Part of the Swinging London scene in the early years, and with a destination store on Wigmore Street that attracted rock stars such as Mick Jagger, it grew into a substantial wholesaler and retailer and was even more influential in the 1970s, when UK-wide concessions created accessible and affordable high fashion.

==Establishment==
Stirling Cooper was started by two London cab drivers Ronnie Stirling and Jeff Cooper in 1967. It was initially a small-scale operation and sales techniques included using a London double-decker bus as a mobile showroom.
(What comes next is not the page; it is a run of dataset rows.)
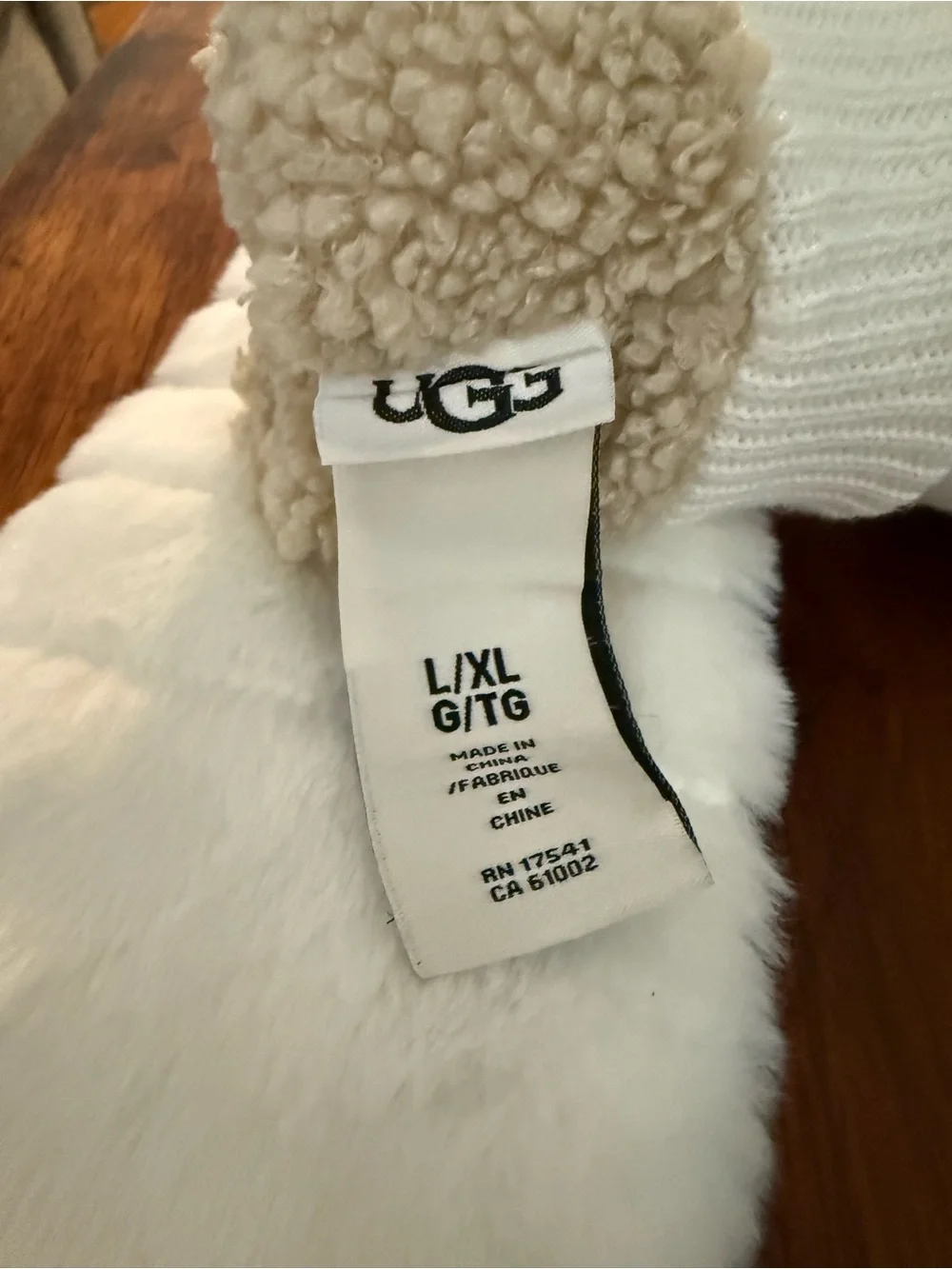 UGG White Faux Fur Quilted Mittens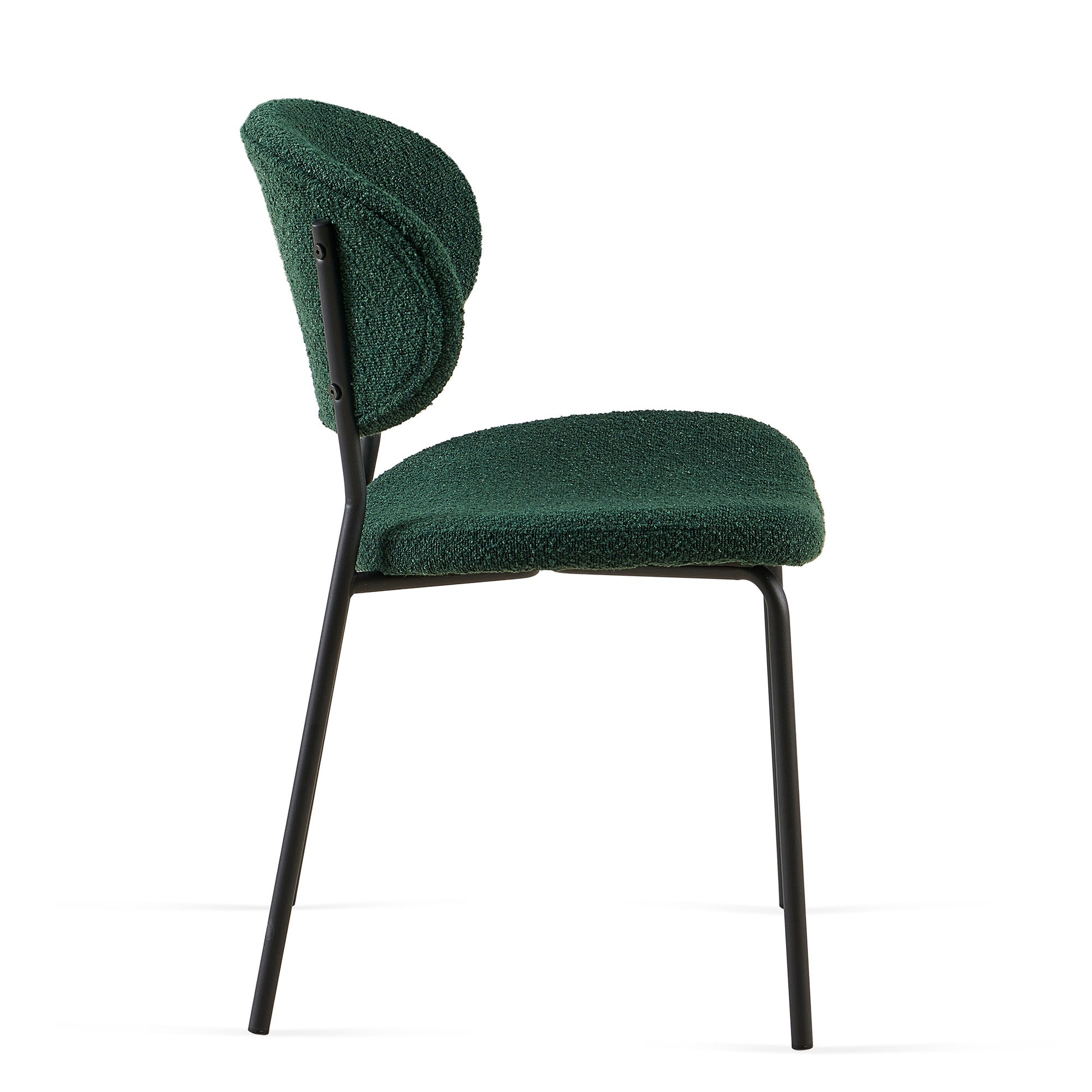 Indra Dark Green Boucle Fabric Dining Chairs Set of 2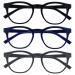 Opulize Blu - Reading glasses Blue light filter 3 Pack Cool Radio Share hinges improve the sleep computer gaming reflective men women BBB5-137 +0.00 diopters black / blue / gray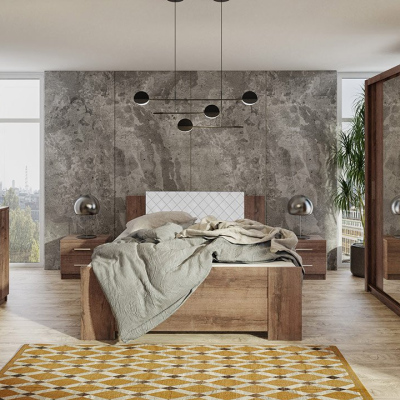 Ložnicová sestava s postelí 160x200 CORTLAND 4 - dub monastery / bílá ekokůže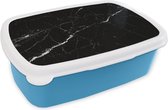 Broodtrommel Blauw - Lunchbox - Brooddoos - Marmer look - Zwart - Luxe - 18x12x6 cm - Kinderen - Jongen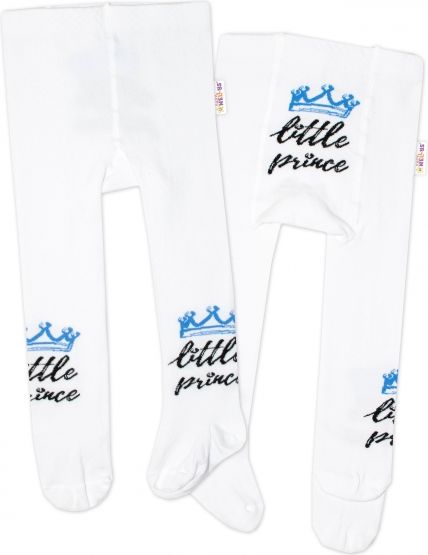 Baby Nellys Baby Nellys Dětské punčocháče bavlněné, Little Prince - bílé s modrou korunkou, vel. 80/86 - obrázek 1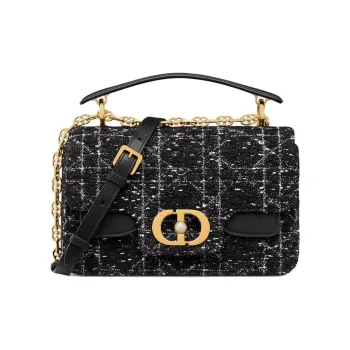 DIOR Cotton With Cow Leather Patchwork Shoulder Bag Crossbody Bag Handbag Small Size Women's Black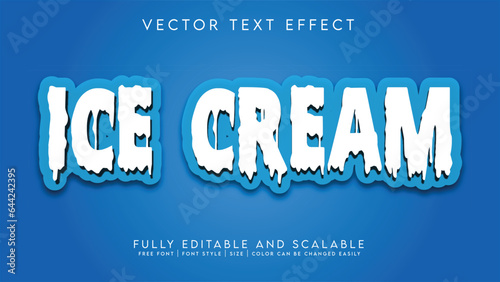 3D Vector Fully Editable and Scalable Text Effect (Ice cream)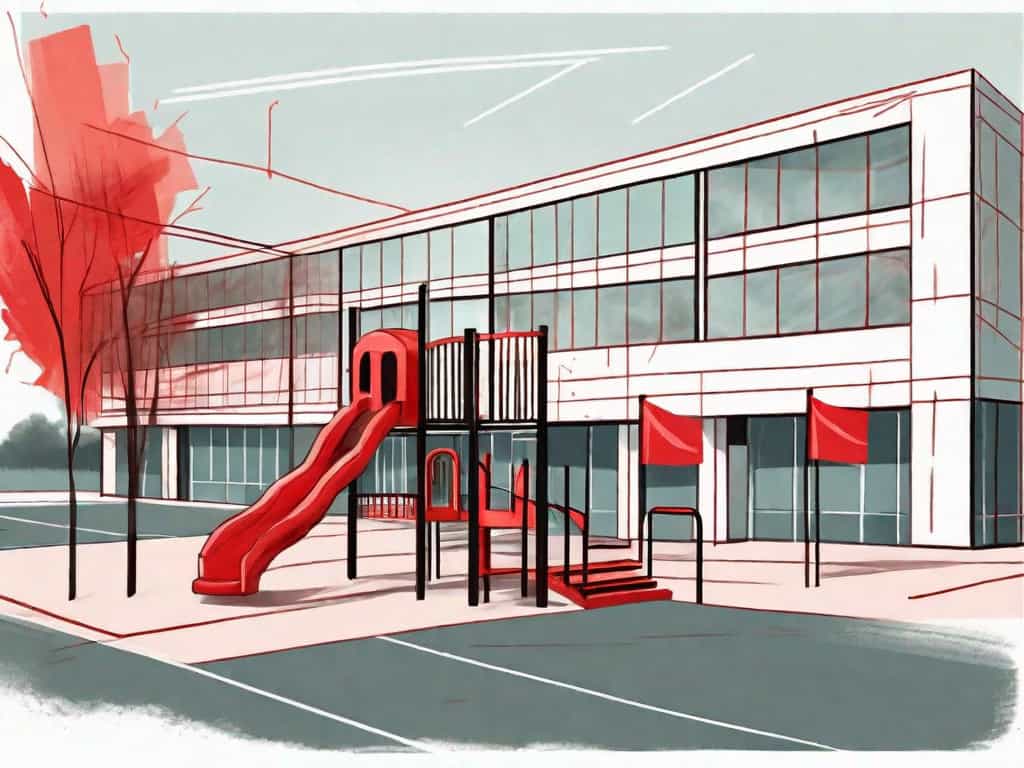 A preschool building with symbolic red flags popping up from various parts such as the playground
In September 1967, Stirling and Cooper were introduced to a Royal College of Art fashion graduate Jane Whiteside; the introduction came through Diane Wadey, a buyer for the Oxford Street department store Peter Robinson, who had met Whiteside during a pre-graduation project. It was Whiteside who provided the initial fashion direction for the Stirling Cooper brand.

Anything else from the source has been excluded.